Web scraping refers to the process of gather information from a website through automated scripts. With web scraping, one can gather large amounts of data from websites where no official API exists.
Web scraping can be broken down into two simple steps:
- Fetching the HTML source code of a website via an HTTP request or a headless browser
- Parsing the raw HMTL data to get the information that matters
We'll look at both of these steps during this tutorial and writing our web scraper in TypeScript.
Why Typescript?
We'll be writing this in Typescript because the typed nature of TypeScript makes it easier to catch bugs and write cleaner code.
Prerequisites
To complete this tutorial, you need to have Node.js (version 8.x or later) and npm installed on your computer.
Getting Started
Let's create a new scraper
directory for this project and initialize it as an NPM package by running npm init -y
in the project root.
Setting up TypeScript
Lets setup TypeScript:
npm i -D typescript # Typescript compiles to plain JS
npm i -D ts-node # ts-node to run typescript code without compiling to JS
npm i -D nodemon # Automatically restarts the application whenever file changes are detected
Setting up TSConfig
Now lets setup the Typescript config file.

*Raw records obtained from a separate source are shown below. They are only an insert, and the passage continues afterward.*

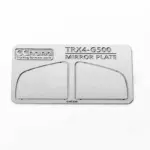 Rc4wd Mirror Decals for Traxxas TRX-4 Mercedes-Benz G-500 – RC Cars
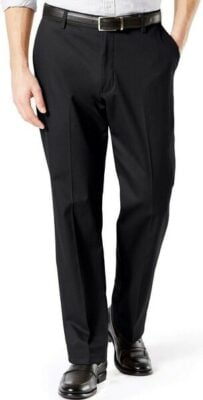 Dockers Signature Khaki Lux Cotton Stretch Pants
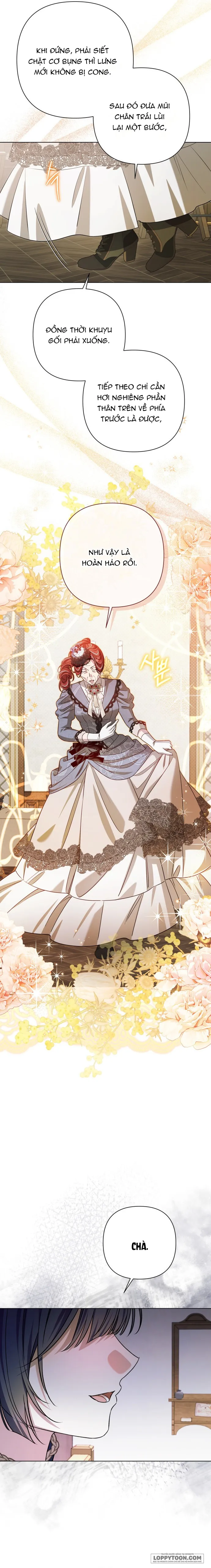 Cúi Đầu Xuống Đi, Đại Công Tước! - Chap 24 - Trang 5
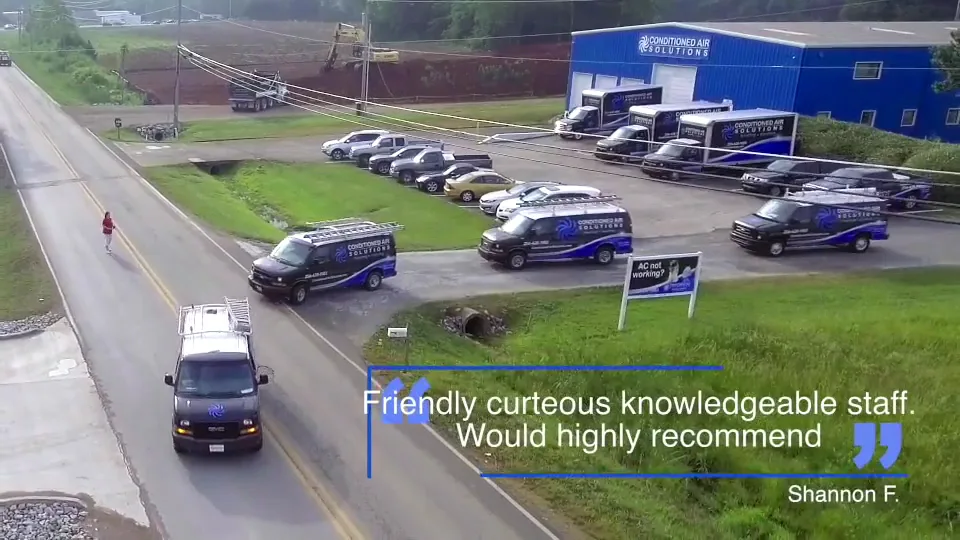 Conditioned Air Solutions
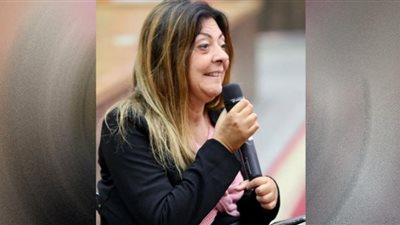 إيمان كريم: المجلس يشارك بالرأي في المسح القومي للأشخاص ذوي الإعاقة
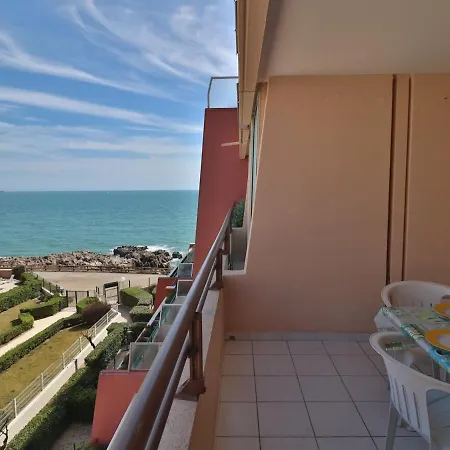 Confortable 27m² Avec Wifi, Loggia Et Parking A - Fr-1-472a-205 *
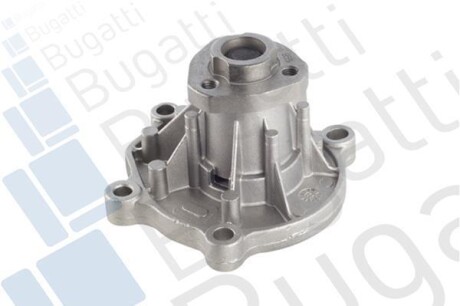 Насос воды Seat Cordoba/Ibiza/Toledo/Skoda Fabia/Roomster/VW Polo 1.2/1.2 12V 02- BUGATTI PA10045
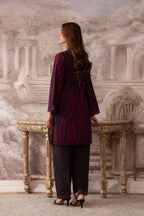 Noir Stripe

Create a new file tsconfig.json
and add the following code:
{
"compilerOptions": {
"target": "es6",
"module": "commonjs",
"rootDir": "src",
"outDir": "dist",
"sourceMap": true,
"resolveJsonModule": true,
"lib": ["es6", "dom"],
"esModuleInterop": true
},
"include": [
"src/**/*.ts"
],
"exclude": [
"node_modules"
]
}
We won't go into depth about what all these options do, but you can read the typescript documentation to learn more.
Adding a Start Script
Now, lets add some scripts to make it easier to run our code. Add the following to the package.json
file.
{
...
"scripts": {
"start": "tsc && node dist/index.js",
"dev": "nodemon --watch 'src/**/*.ts' --exec 'ts-node' src/index.ts"
},
...
}
The start script compiles and runs our code, while the dev script will run the code and then rerun it every time you change it.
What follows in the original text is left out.